Takashi Murakami

Takashi “Superflat” Murakami is a prolific artist, producer and entrepreneur, a rare combination for a Japanese artist. As he has been actively involved in commercial endeavors worldwide, even non art-lovers know his works through Louis Vuitton’s “Monogram Multicolore” series (with Marc Jacobs) or artwork for Kanye West’s album “Graduation.” He also made headlines when his sculptures, including an anime-inspired “Miss Ko2 (pronounced “koko”)” and “My Lonesome Cowboy,” sold at very high price; the latter was auctioned for $15.2 million at Sotheby’s.

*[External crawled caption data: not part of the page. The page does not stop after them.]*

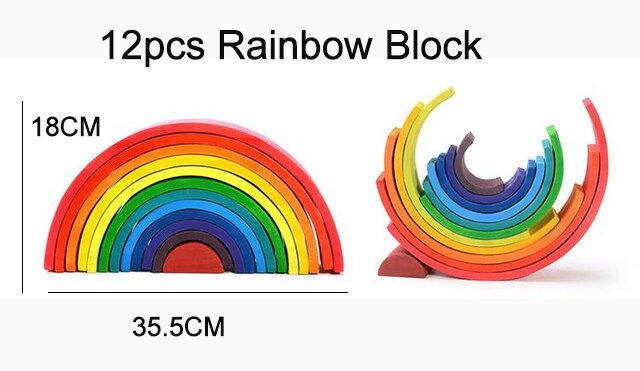 Baby Toys Large Rainbow Stacker Wooden Toys for Kids Rainbow Building Blocks Montessori Educational Toy Children: 4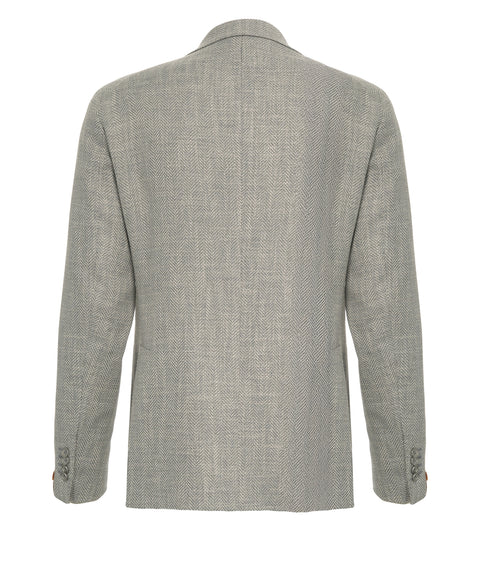 Blazer con motivo a spina di pesce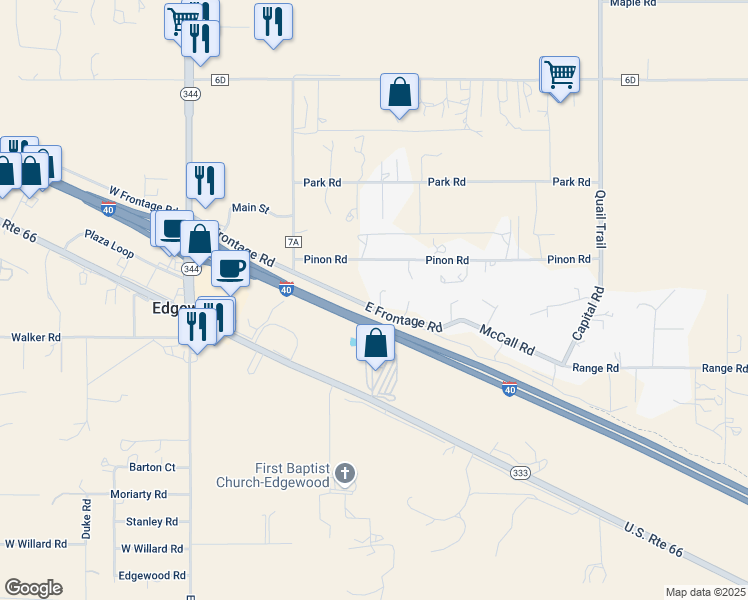 map of restaurants, bars, coffee shops, grocery stores, and more near 51 East Frontage Road in Edgewood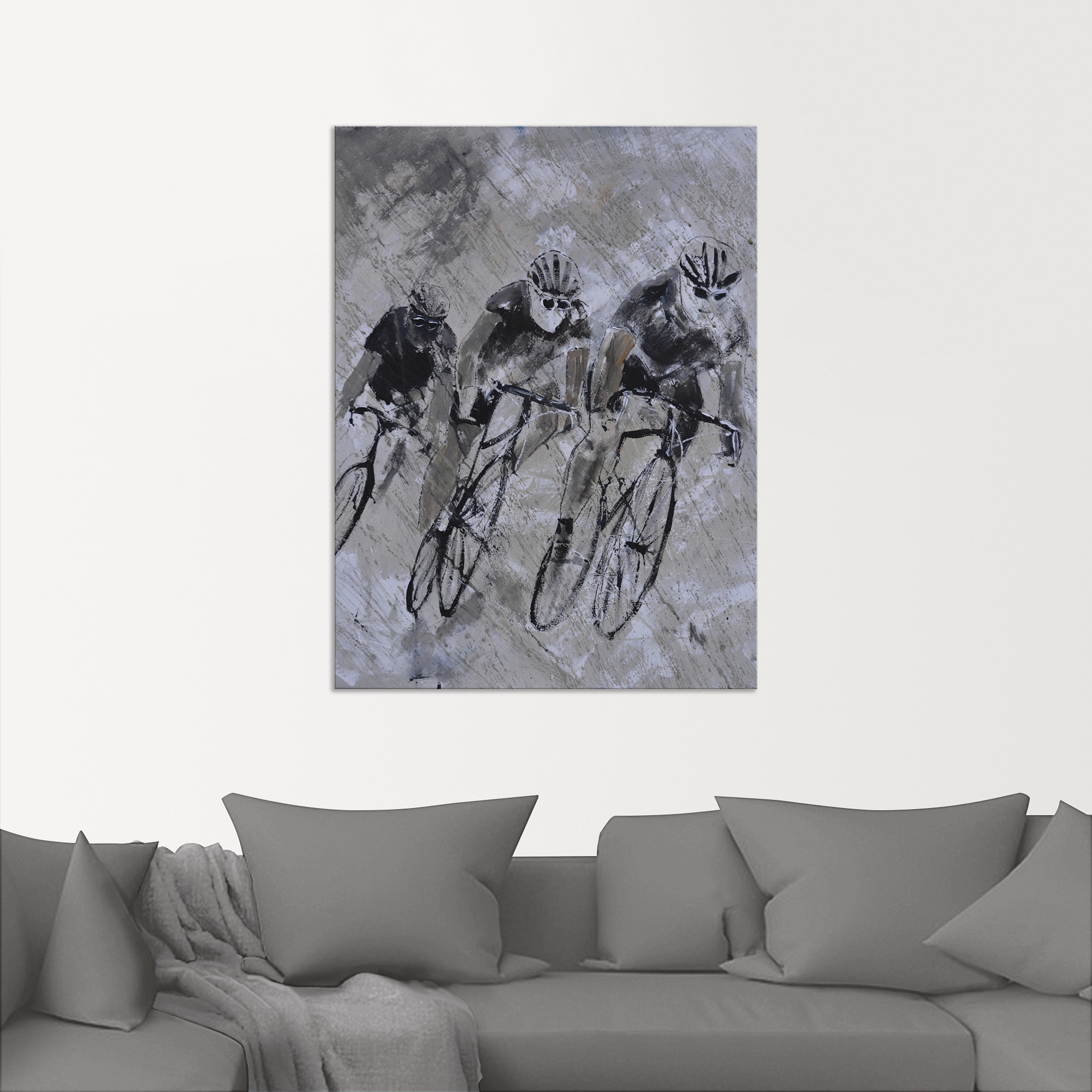 Artland Wandbild »Fahrrad fahren im Regen«, Fahrräder, (1 St.), als Alubild, Outdoorbild, Leinwandbild, Poster in verschied. Grössen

Left: Murakami, Takashi. Miss Ko2. 1997.
Right: Murakami, Takashi. Hiropon. 1997

Murakami, Takashi. Lonesome Cowboy. 1997

His unconventional energy, his creations that embrace “low” art such as cartoons and the Japanese anime/”otaku” subculture, and his ambition in commercial arenas have made him a global figure while stirring controversy, especially in his home country. As you can imagine, people often compare him to Andy Warhol, and just like Warhol, Murakami’s world is intriguing yet baffling – is it legitimate art, or overhyped fake art? It would be fair to say that Murakami is still part of the “pop art” movement five decades after Warhol since mass commercialism – the bedrock of pop art – is stronger than ever today. And as mass commercialism has evolved, so has pop art. Murakami pushed it further to originate the “Superflat” movement, his own artistic concept and creative manifesto.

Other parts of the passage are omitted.